- [INPUT DATA]:
========

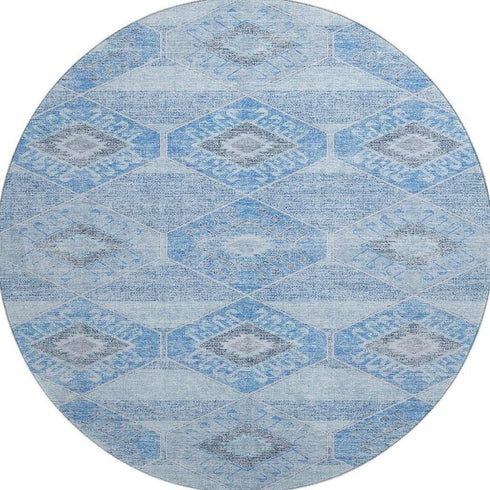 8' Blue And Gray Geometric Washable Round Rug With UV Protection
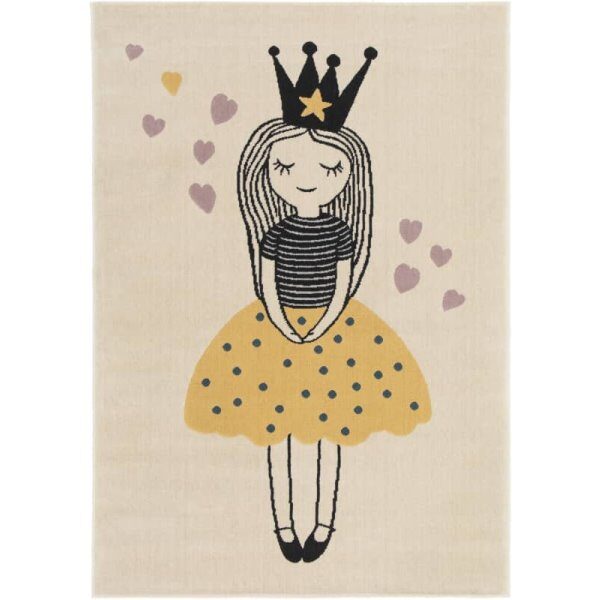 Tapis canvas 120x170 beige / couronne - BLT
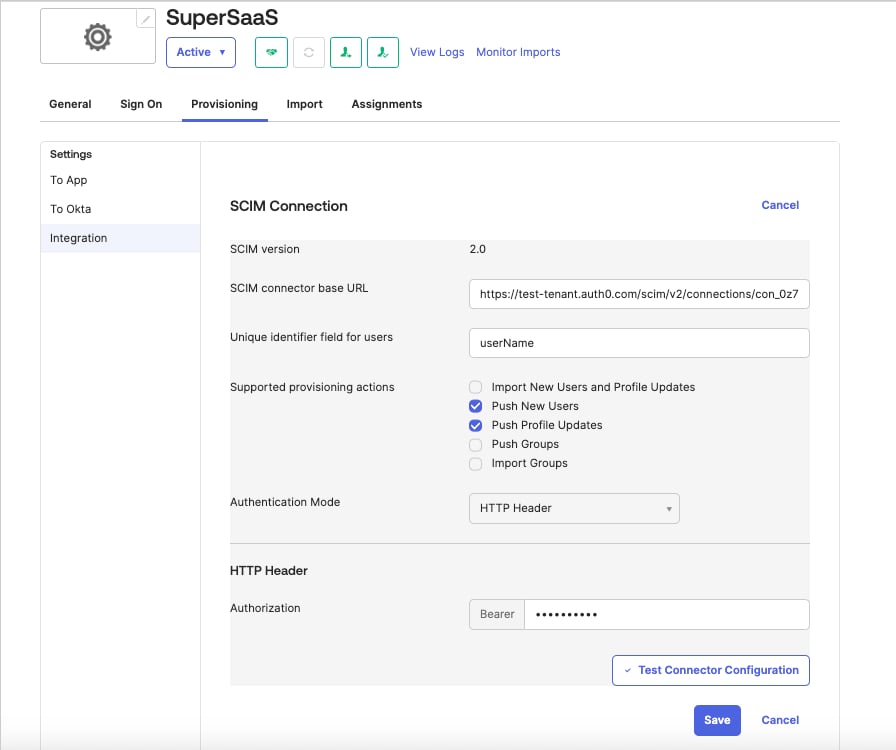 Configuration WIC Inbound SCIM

========

- [THE PROBLEM]:
Print the preceding material over again exactly. Please leave the pictures out.

- [ANSWER SPACE]:
 8' Blue And Gray Geometric Washable Round Rug With UV Protection
 Tapis canvas 120x170 beige / couronne - BLT
 Configuration WIC Inbound SCIM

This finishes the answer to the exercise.